Twin Pregnancy Due Date: Why Twins Come Early

Twin and higher-order multiple pregnancies use the same 280-day Naegele's Rule calculation as singletons — the EDD shown is still the standard 40-week date. However, expected delivery timing differs significantly: most twins deliver around 36–37 weeks, triplets around 32–33 weeks, and quadruplets earlier still. Monochorionic twins (sharing a placenta) often deliver earlier than dichorionic twins. ACOG recommends planned delivery at 38 weeks for uncomplicated dichorionic-diamniotic twins, 36–37 weeks for monochorionic-diamniotic, and 32–34 weeks for monochorionic-monoamniotic.
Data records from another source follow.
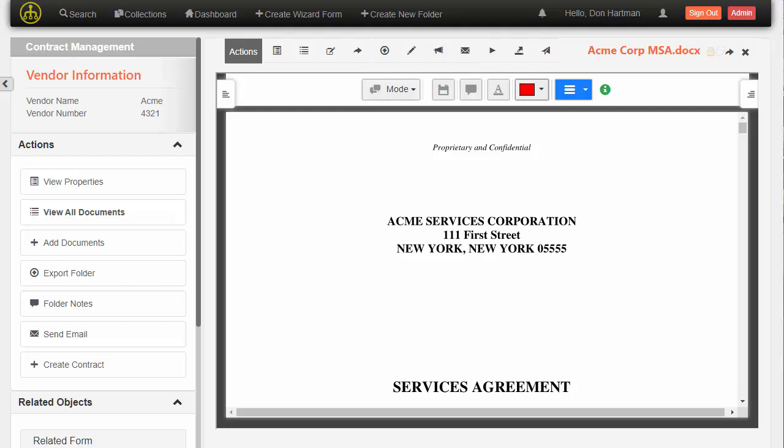In this demo, I'm going to demonstrate how OCMS can integrate with Kira, a powerful machine learning tool that identifies, extracts, and analyzes text in contracts and other document types.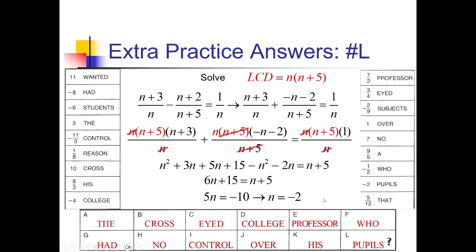So the solution to the puzzle is: did you hear about the cross-eyed college professor who had no control over his pupils? That seems in poor taste — I get it, but I feel like we could have come up with something a little nicer. But there it is — we got some math practice in, at least. Till next time, Mr. Sutton signing off.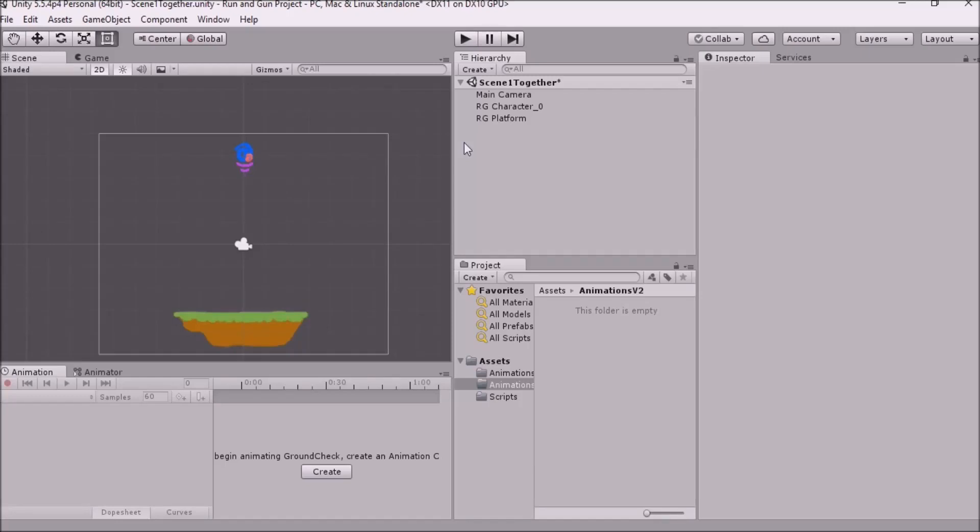Hello everyone, this is Press Any Button, and we are back in Unity again. Today is going to be a pretty short part, but it's just going to be in preparation for what we'll be doing in the next part, which is tying animations to movement.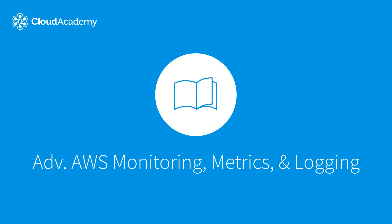This course is intended for DevOps engineers who want to get the most out of monitoring, metrics, and logging, and keeping track of the state of their cloud.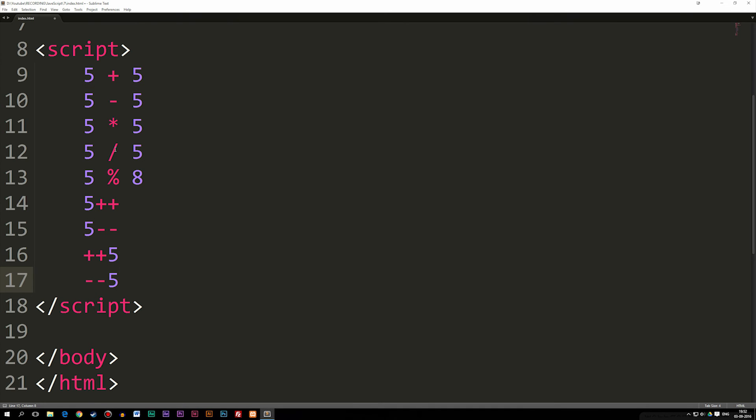Okay, now that's the basic idea behind these arithmetic operators, and I'm not going to go too much into detail with them, because as you guys can see, they're not too complicated. You can make them more complicated if you have a more complicated math statement, but this is the basic idea behind them. So I hope you guys enjoyed, and I'll see you guys next time.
The EDD is still useful as a reference point for monitoring schedules and milestone tracking — but the 'expected delivery week' for multiples is not the EDD.

Past Due Date: Late Term, Post-Term & Induction

ACOG redefined pregnancy term categories in 2013 to discourage non-medically-indicated delivery before 39 weeks: early term (37 0/7–38 6/7 weeks), full term (39 0/7–40 6/7), late term (41 0/7–41 6/7), and post-term (42 0/7+). Only about 5% of babies are born on the exact EDD. Most providers in the US, UK, Canada, and Australia recommend induction by 41–42 weeks because stillbirth and complication risks rise after that point. NHS in the UK typically offers induction by 41–42 weeks; ACOG recommends individualized decisions between 41 0/7 and 42 6/7 weeks; SOGC Canada recommends induction by 41 weeks 3 days. The exact threshold varies, but 'past due' does not mean immediate delivery — it triggers monitoring and shared decision-making.

Pregnancy Care Schedule: US, UK, Canada & Australia

Standard prenatal visit schedules differ across the four English-speaking markets. United States (ACOG): every 4 weeks until 28 weeks, every 2 weeks 28–36 weeks, weekly after 36 weeks — roughly 12–14 visits for an uncomplicated pregnancy. United Kingdom (NHS): 10 appointments for first pregnancy and 7 for subsequent, with the 12-week dating scan and 20-week anatomy scan as the two ultrasound milestones. Canada (SOGC): every 4–6 weeks until 28 weeks, every 2–3 weeks 28–36, weekly after 36 — typically 10–12 visits, varying by province. Australia (RANZCOG): GP and midwife shared-care models predominate, with roughly 10–14 visits, dating scan at 8–13 weeks and morphology scan at 18–22 weeks. All four systems schedule the dating scan in the first trimester and the anatomy scan around 20 weeks.

Due Date Calculator Mistakes to Avoid

The most frequent errors when calculating EDD: using the last day of bleeding instead of the first day (LMP is always the first day of the period); confusing conception date with LMP date (they differ by ~14 days); forgetting the cycle-length adjustment for non-28-day cycles; trusting LMP without ultrasound confirmation when cycles are irregular; assuming pregnancy 'ends' on the EDD when it's actually a midpoint of a 5-week term window (37–42 weeks); and conflating gestational age with fetal age (always 2 weeks apart). For IVF, the most common mistake is not accounting for embryo age at transfer — a 5-day blastocyst transfer adds 261 days, not 266. When in doubt, an early ultrasound between 8 and 13 weeks resolves all of these uncertainties to within a 5–7 day margin.